Movement 1: Prélude: Moderato
Movement 2: Choral: Poco più lento
Movement 3: Fugue: Tempo I
The decision to include a central section, separate from, yet linking, the Prelude and Fugue, came later (again according to d’Indy). Perhaps Bach was the influence with the poignant slow interludes of his Clavier Toccatas to say nothing of the very word ‘chorale’ which was eventually used. In the event, however, this central section became the emotional core of the work, its ‘motto’ theme (Example 2) used as a symbol of redemption and as a unifying principle at the climax of the Fugue.

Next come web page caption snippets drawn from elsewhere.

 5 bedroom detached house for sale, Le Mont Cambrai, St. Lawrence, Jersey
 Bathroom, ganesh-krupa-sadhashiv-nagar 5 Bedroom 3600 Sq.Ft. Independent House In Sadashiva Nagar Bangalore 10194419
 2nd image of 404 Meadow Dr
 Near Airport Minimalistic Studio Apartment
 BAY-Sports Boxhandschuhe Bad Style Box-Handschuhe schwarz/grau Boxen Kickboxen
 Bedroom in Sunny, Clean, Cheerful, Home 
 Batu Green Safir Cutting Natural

When Saint-Saëns made his tart observation about the piece that the ‘chorale is not a chorale and the fugue is not a fugue’ (in his pamphlet ‘Les Idées de M. Vincent d’Indy’), he was completely missing the point. The forms here have become symbolic, the apotheosis of their academic counterparts; and, furthermore, Alfred Cortot described the Fugue in the context of the whole work as ‘emanating from a psychological necessity rather than from a principle of musical composition’ (La musique française de piano; PUF, 1930). It is as if a ‘fugue’, as a symbol of intellectual rigour, was the only way Franck could find a voice to express fully the hesitant, truncated sobs of the Prelude and the anguished, syncopated lament of the Chorale. Not that the Fugue solves the problem—this is the function of the ‘motto’ theme; but the rules of counterpoint have given the speaker a format in which the unspeakable can be spoken.

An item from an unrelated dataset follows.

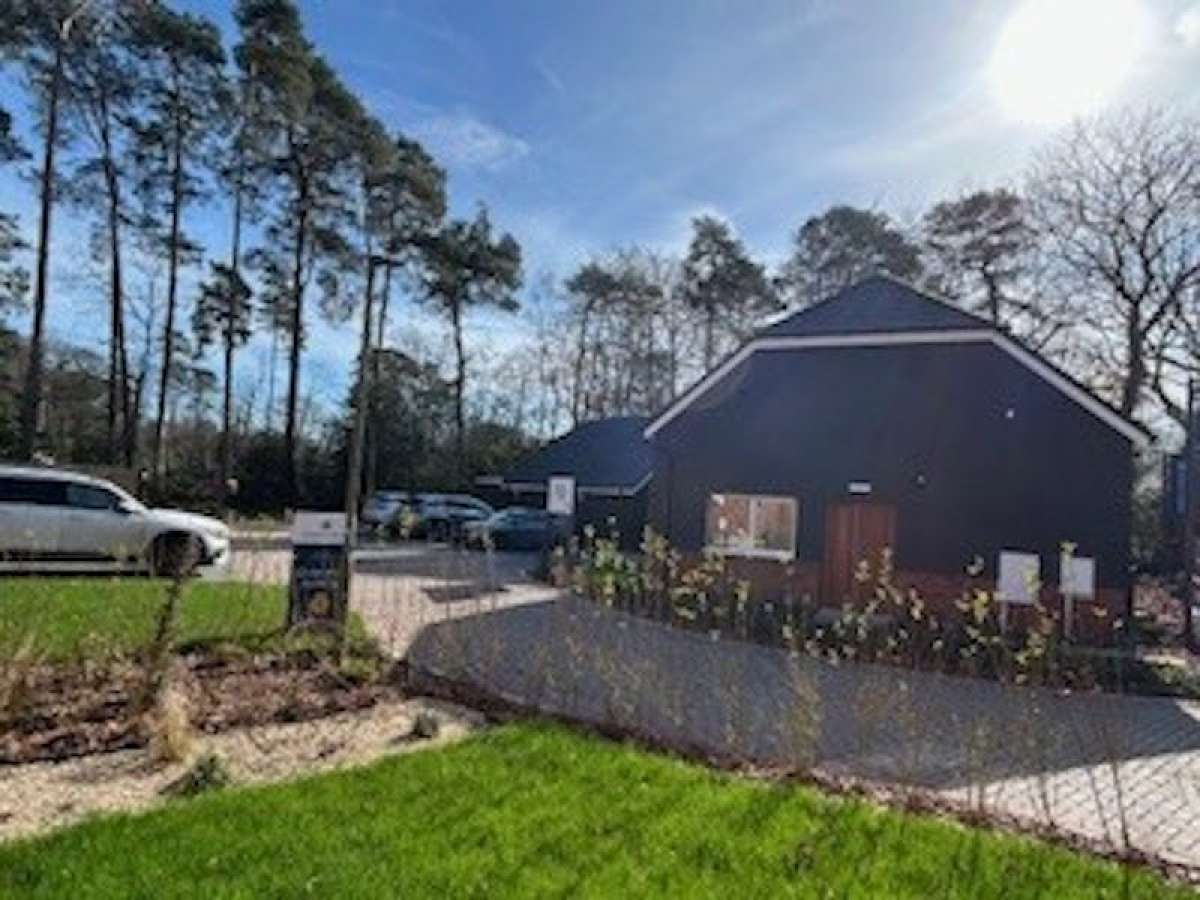 Office in Windlesham - photo 2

There are two motivic ideas on which the whole work is based: one, a falling, appoggiatura motif used in all three sections and generally chromatic in tonality (Example 1); the other a criss-crossing motif in fourths (the ‘motto’ theme, Example 2) which appears first in the Chorale section and then again as a balm at the point where the Fugue reaches its emotional crisis. The first motivic idea is clearly related to the Bach Cantata ‘Weinen, Klagen, Sorgen, Zagen’, and also to the ‘Crucifixus’ from the B minor Mass; the other idea appears as the ‘bell motif’ in Wagner’s Parsifal.